O músico João Afonso, as cantoras galegas Uxía e Ugia Pedreira, a angolana Aline Frazão, o ator e encenador galego Quico Cadaval e o compositor brasileiro Fred Martins integram o cartaz do espetáculo.
A associação de percussão de Santiago de Compostela Trópico de Grelos, o etnomusicólogo galego Xico de Cariño, a cantora galega Guadi Galego, o cantor Tiago Gomes, voz do grupo Os Inspectores e letrista de A Naifa, são outros dos músicos que se associaram ao espetáculo que assinala a primeira vez que a canção foi interpretada em público, por Zeca Afonso, na primeira digressão do músico português pela Galiza, que passou então por Ourense, Lugo e Santiago de Compostela.
Trinta é o número total de músicos e compositores que se associaram à iniciativa integrada no festival “Terra da Fraternidade – Galiza a Zeca Afonso”, a decorrer em Santiago de Compostela.
O espetáculo conta ainda com a participação do ator e humorista galego Carlos Blanco, do ator, dramaturgo e fundador do Trigo Lilmpo/Acert José Rui Martins, do argumentista e diretor de cinema Pablo Portero, da companhia de teatro Chevère e da companhia galega de palhaços “Os sete magníficos más 1”.
Num testemunho sobre a primeira digressão de José Afonso à Galiza, o músico Artur Reguera, que acompanhou o compositor português naquela ronda, recorda a primeira vez que José Afonso cantou em público a canção que, dois anos mais tarde, se tornaria a senha do Movimento das Forças Armadas (MFA), na Revolução do 25 de Abril de 1974.
“Grândola, vila morena” integra o álbum “Cantigas do Maio”, gravado em França, em finais de 1971, com arranjos de José Mário Branco.
Inspirada em pessoas que José Afonso conhecera na Sociedade Musical Fraternidade Operária Grandolense, encerrada pela PIDE, a polícia política do regime, a canção viria a ser interpretada em Portugal apenas a 29 de março de 1974, num espetáculo no Coliseu dos Recreios, em Lisboa, ao qual assistiram militares das Forças Armadas que, por isso, a escolheram para segunda senha da “Revolução dos cravos”.

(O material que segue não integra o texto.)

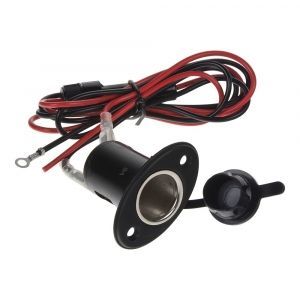 Zásuvka autozapaľovača 12V / 24V - zabudovateľná s káblami (max.48V / 10A)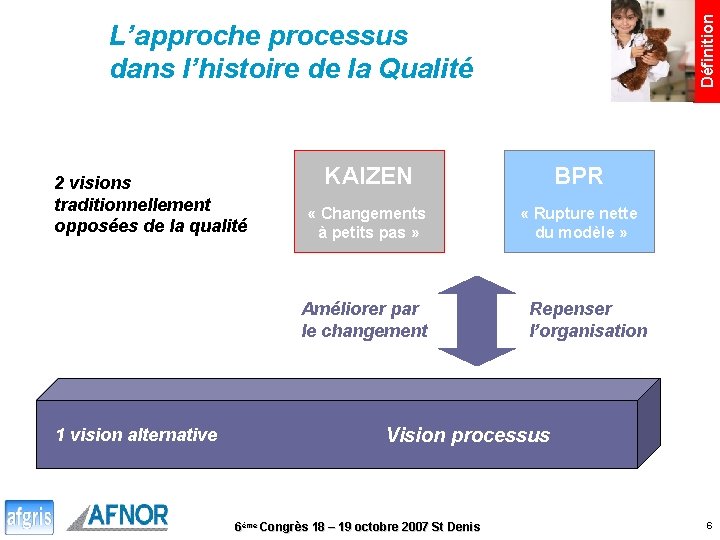 Définition L’approche processus dans l’histoire de la Qualité 2 visions traditionnellement opposées de la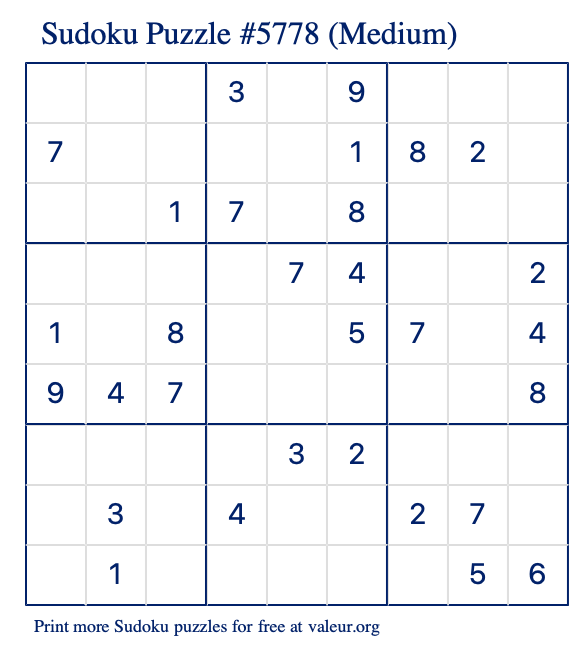 Free Printable Medium Sudoku Puzzle number 5778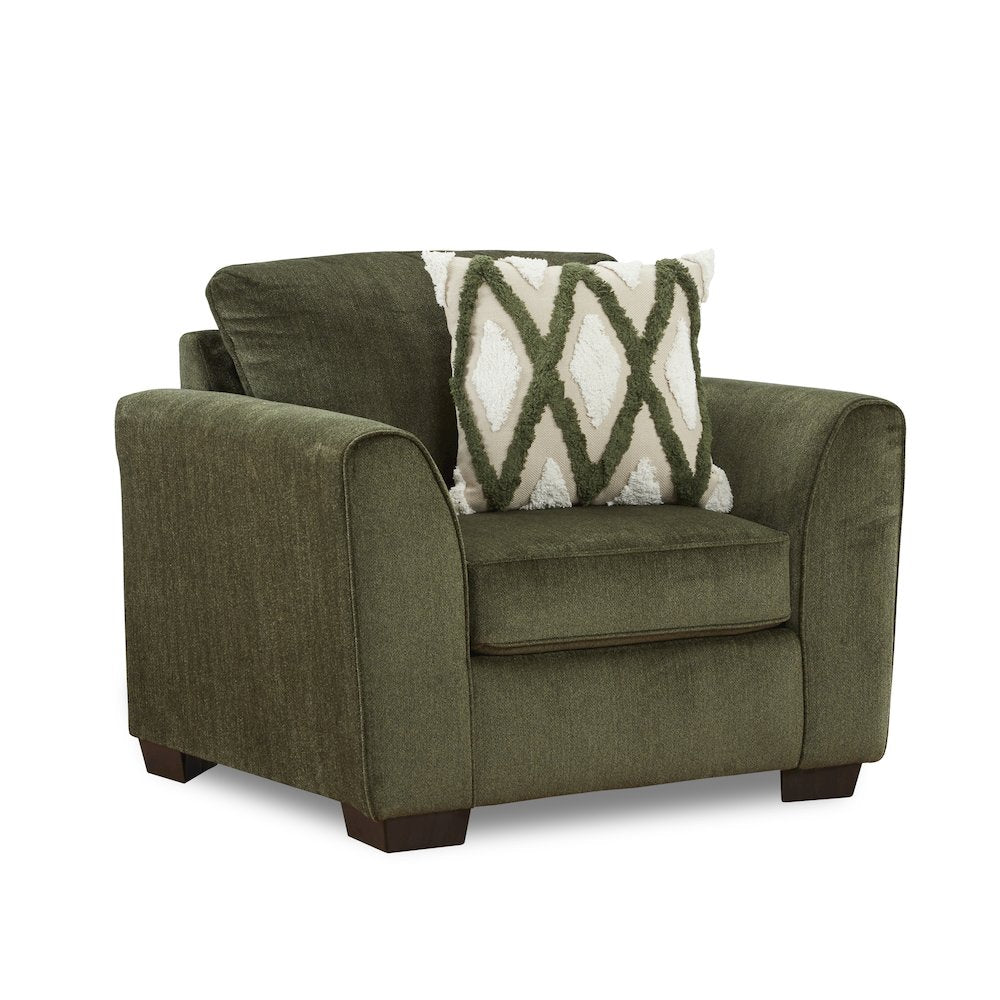 Marvella Living Room Armchair Chenille Upholstery and Textured Accent Pillow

“Grândola, vila morena” foi transmitida às 00:20 de 25 de Abril de 1974, no programa Limite, da Rádio Renascença, como sinal de saída dos militares dos quartéis, cerca de hora e meia após a emissão da primeira senha da Revolução, “E depois do adeus”, ouvida às 22:55 de 24 de abril, nos Emissores Associados de Lisboa.

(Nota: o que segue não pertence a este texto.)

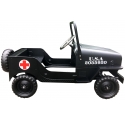 Voiture à pédales Jeep US en métal noir - Ambulance Croix rouge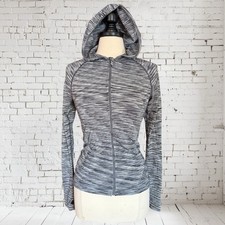 Athleta Full Zip Jacket Hooded Track Jacket Sz M Space Dye Gray Ruched Sides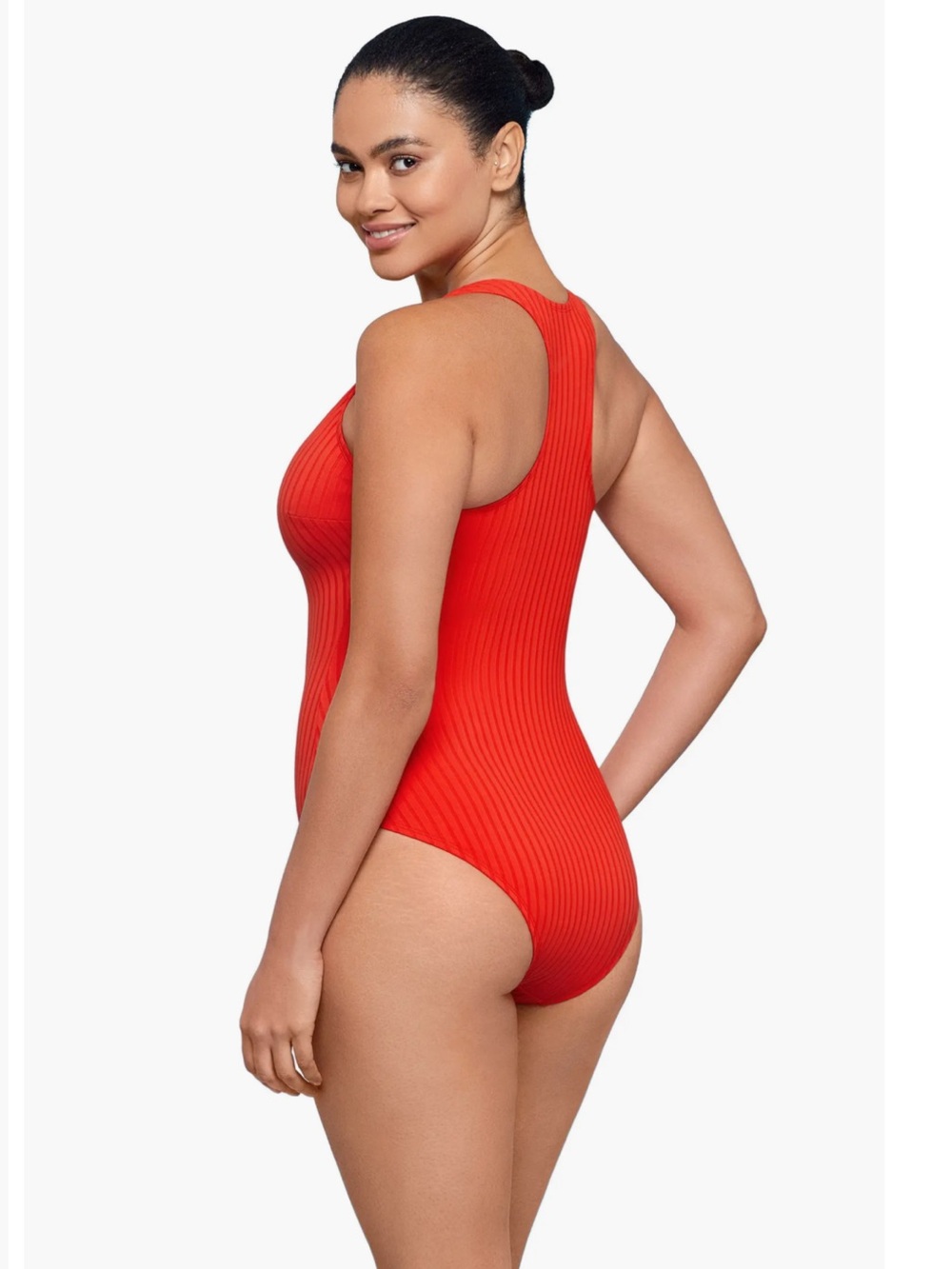 S3, Smoothing & Sculpting Ribbed High-Neck Snap-Front One-Piece Swimsuit, Sz L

O festival “Terra da Fraternidade – Galiza a Zeca Afonso” começou na segunda-feira, no Burgo das Nações, e termina na sexta-feira com a realização de uma mesa redonda sobre “O génio de Zeca”, na qual participa o cantor português e presidente da Associação José Afonso, Francisco Fanhais, com músicos galegos que trabalharam com o “cantautor” português.